◆ **YOUR INSTRUCTIONS**:
Within the listing that follows, reproduce exactly the lines starting at the line with "Bedroom 2 - 1460 Elm Street" and ending at the line with "(30.04.2026) (c/ vídeo)", inclusive, and only those. Pictures are dropped.

====================

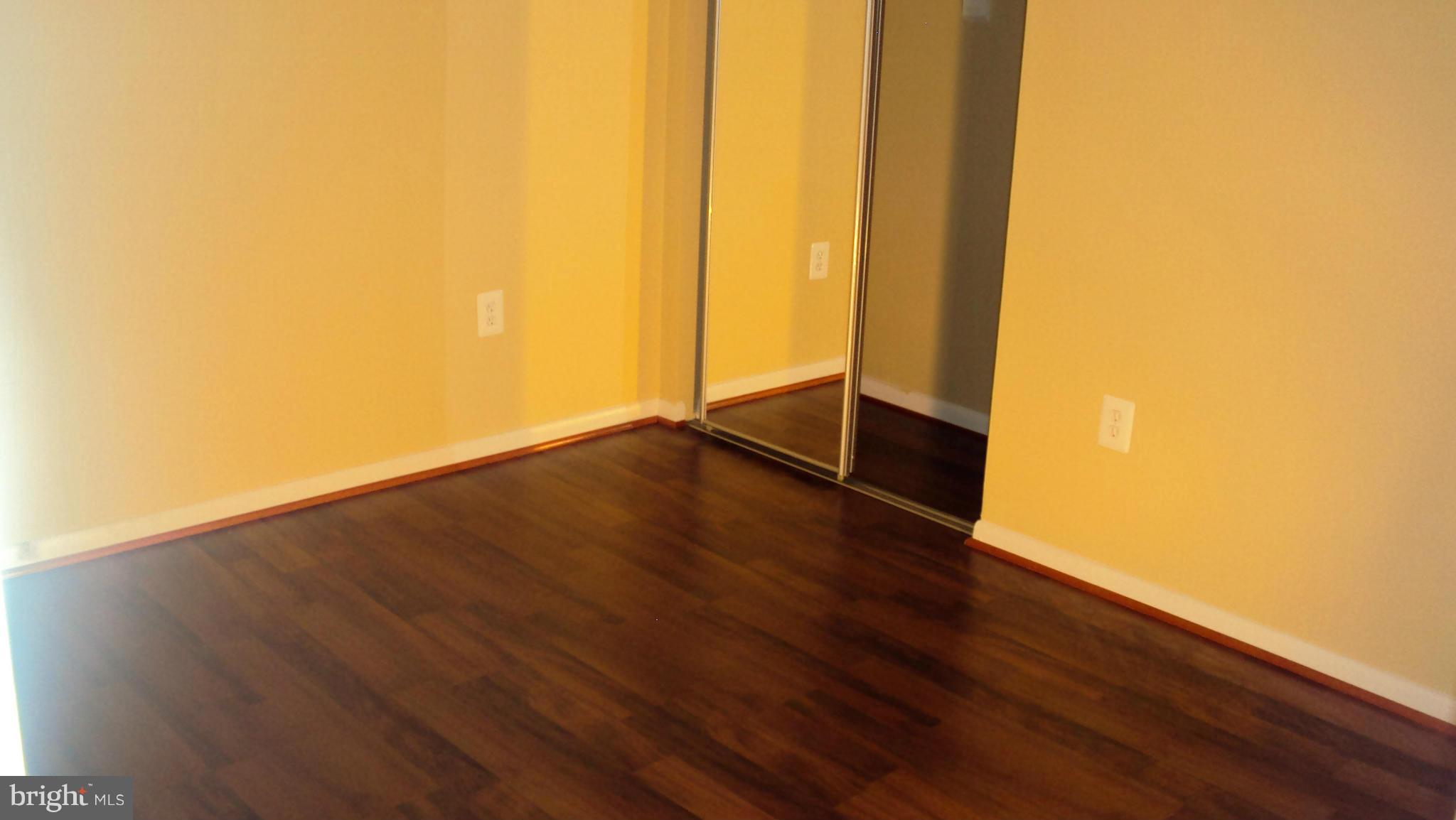 LONDON TOWNE - Residential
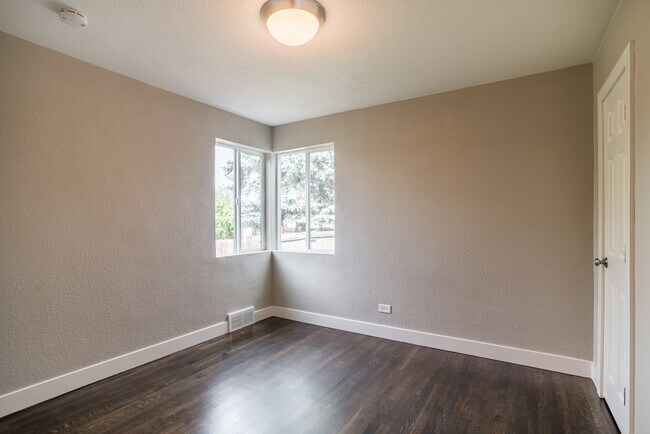 Bedroom 2 - 1460 Elm Street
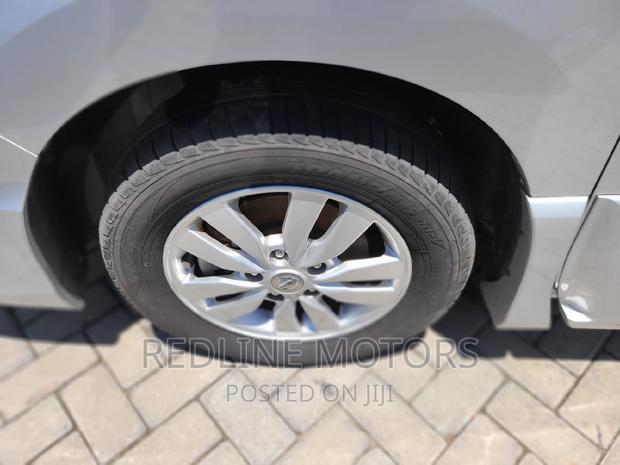 Nissan's 2016 Silver Serena: Reliable and Stylish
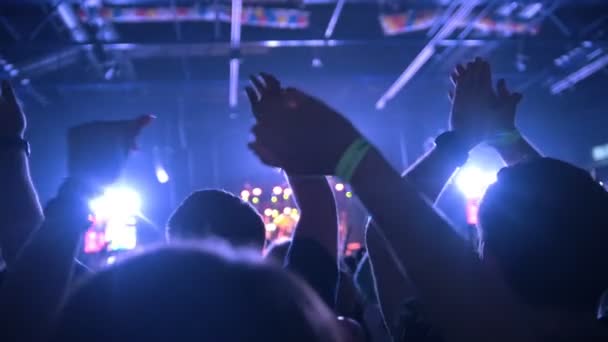 La gente levanta las manos en un concierto de rock, en cámara lenta — Vídeo de stock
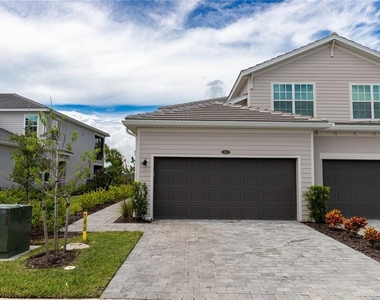 16572 Kingwood Lane - Photo Thumbnail 1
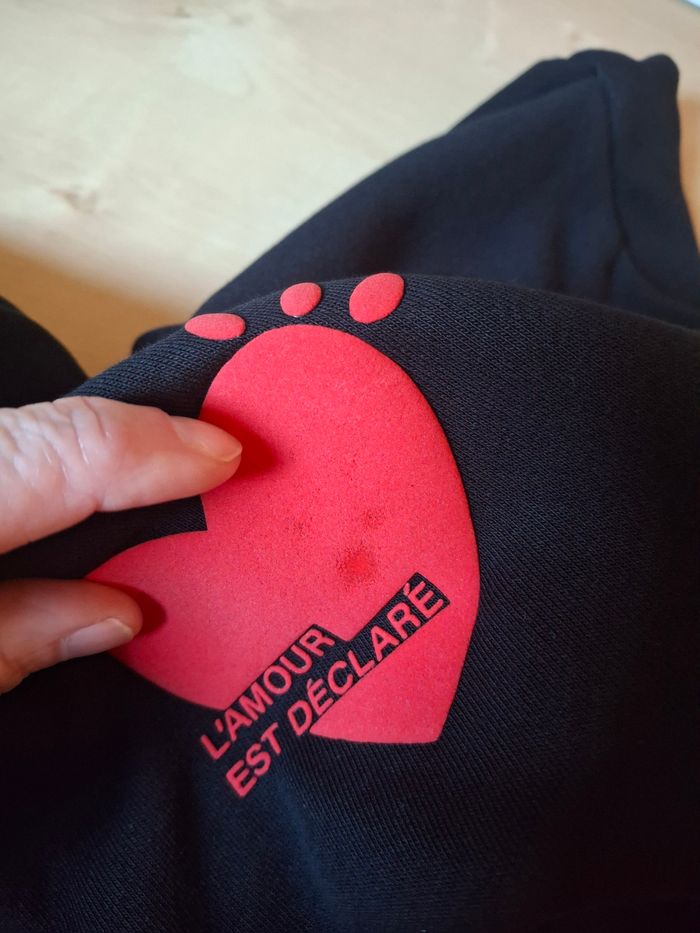 Sweat noir coeur rouge neuf étiqueté - photo numéro 4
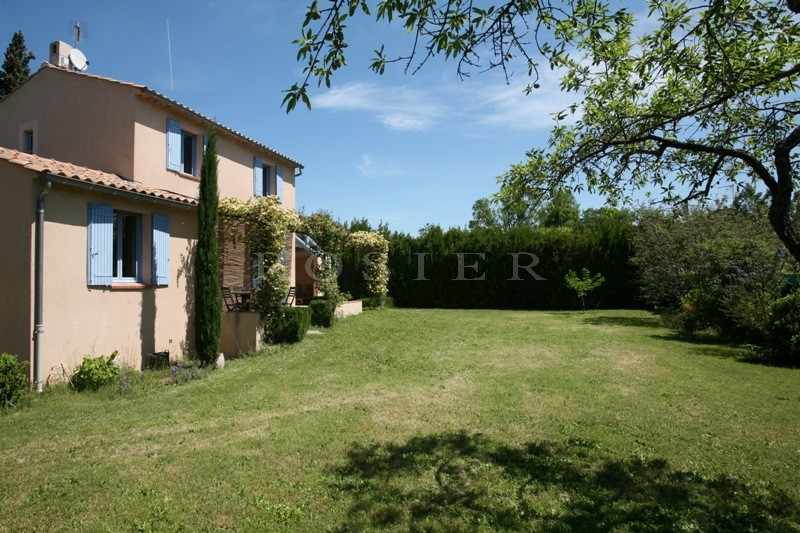 Maison récente à Cabrières d'Avignon, proche Coustellet,   avec terrain clos.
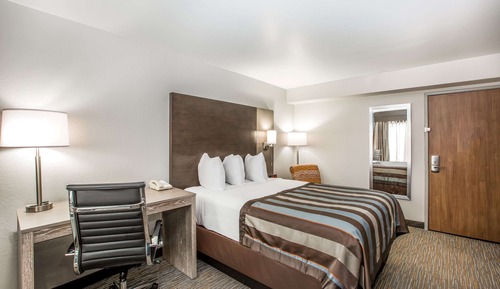 Deluxe Room, 1 Queen Bed, Non Smoking (Highway Facing)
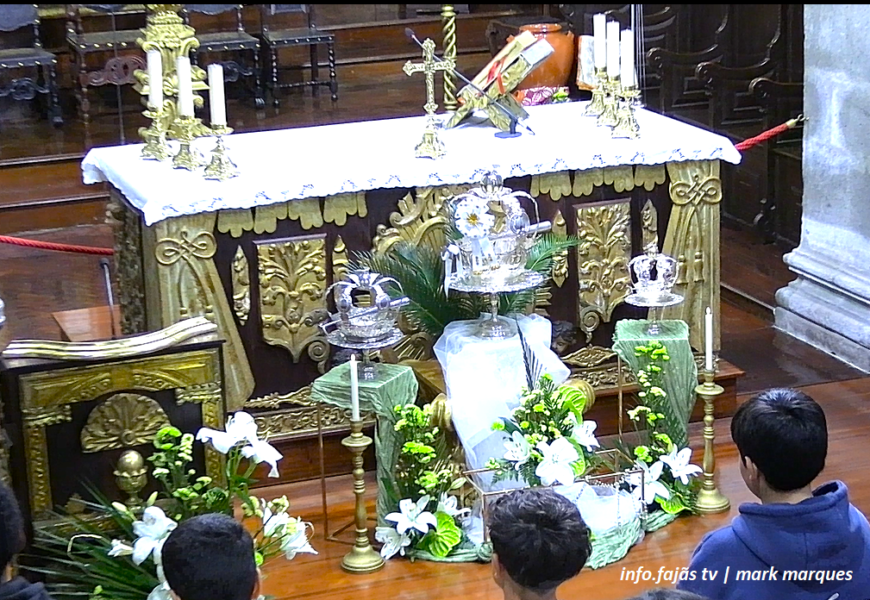“REZAR O TERÇO AO DIVINO ESPÍRITO SANTO” – Velas – Ilha de São Jorge (30.04.2026) (c/ vídeo)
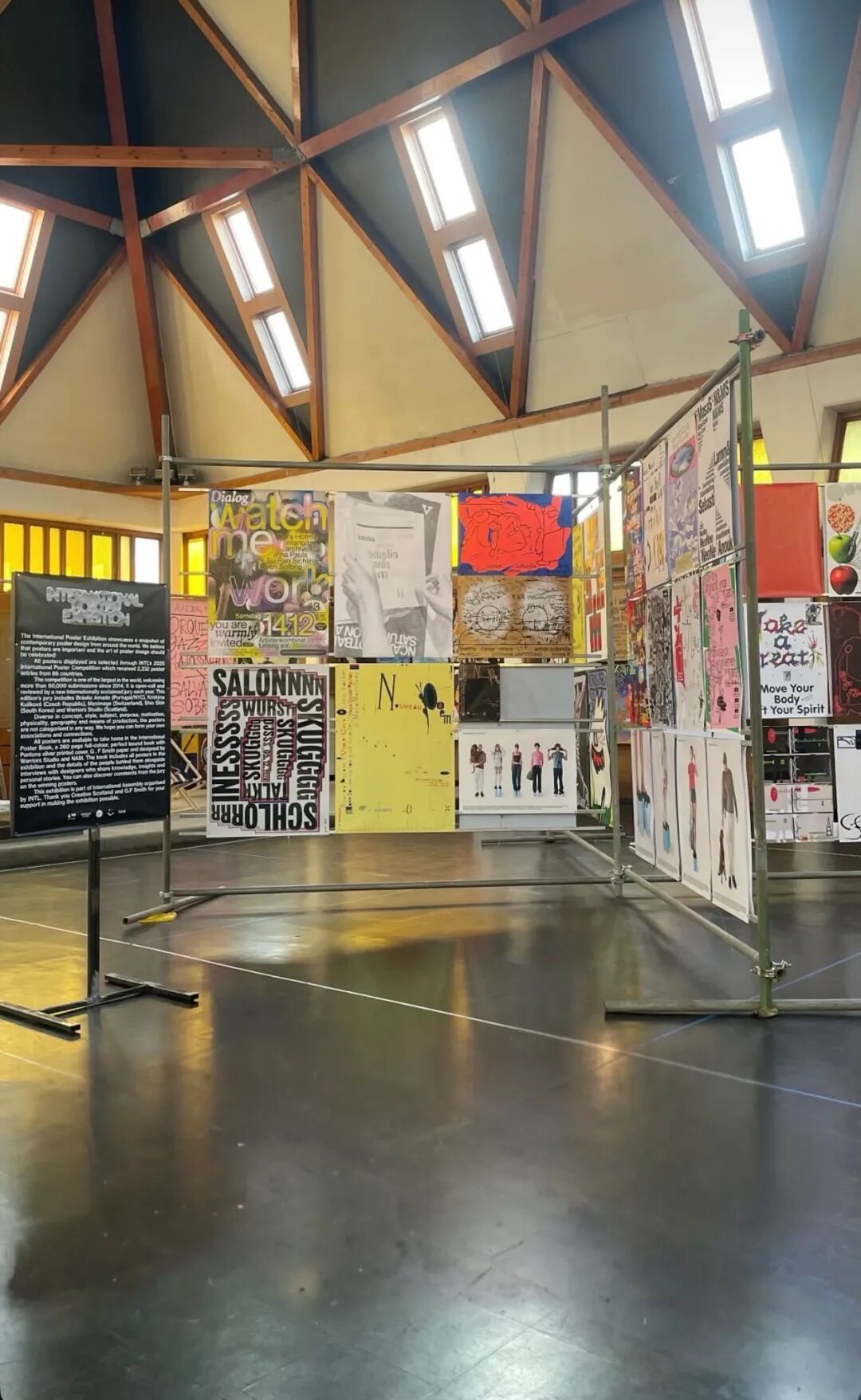 展览现场 | 2025苏格兰INTL国际海报展（图ZMTUzMDAwNzI=） - 资讯 - 站酷设计师站酷资讯原创素材 - 站酷ZCOOL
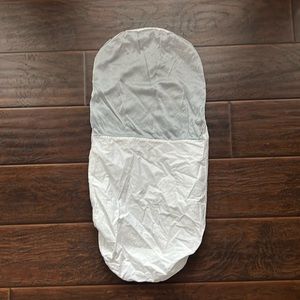 Silky tots snoo sheet. Excellent used condition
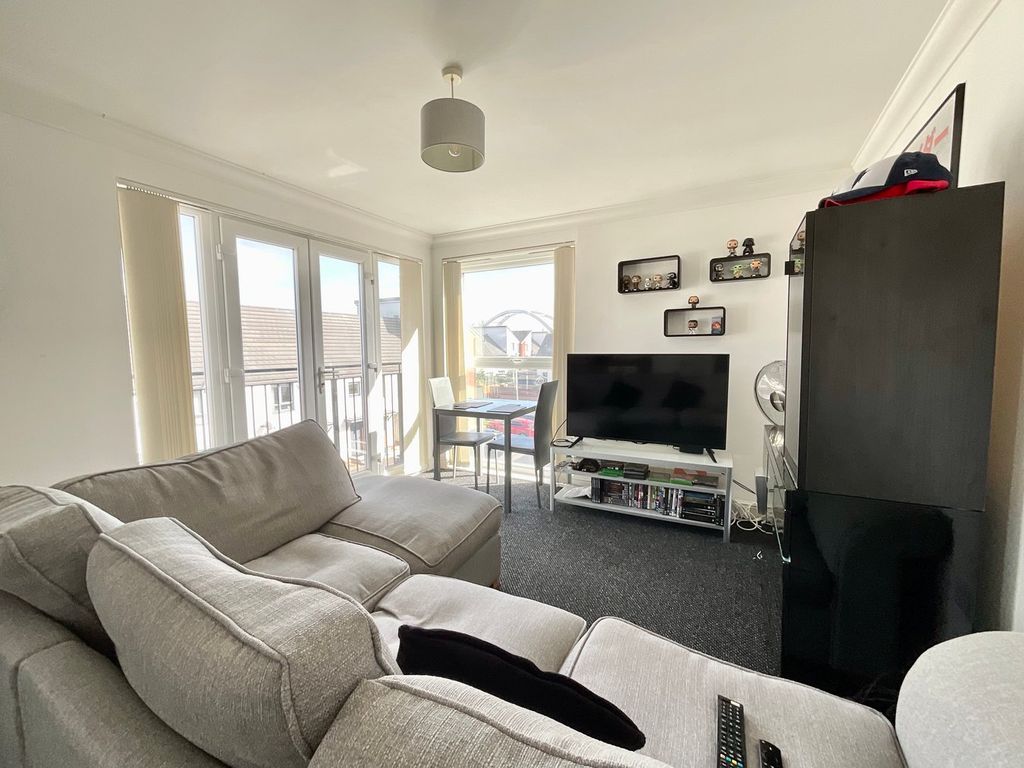 Property photo 3 of 8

====================

◆ **COMPLETED EXERCISE**:
 Bedroom 2 - 1460 Elm Street
 Nissan's 2016 Silver Serena: Reliable and Stylish
 La gente levanta las manos en un concierto de rock, en cámara lenta — Vídeo de stock
 16572 Kingwood Lane - Photo Thumbnail 1
 Sweat noir coeur rouge neuf étiqueté - photo numéro 4
 Maison récente à Cabrières d'Avignon, proche Coustellet,   avec terrain clos.
 Deluxe Room, 1 Queen Bed, Non Smoking (Highway Facing)
“REZAR O TERÇO AO DIVINO ESPÍRITO SANTO” – Velas – Ilha de São Jorge (30.04.2026) (c/ vídeo)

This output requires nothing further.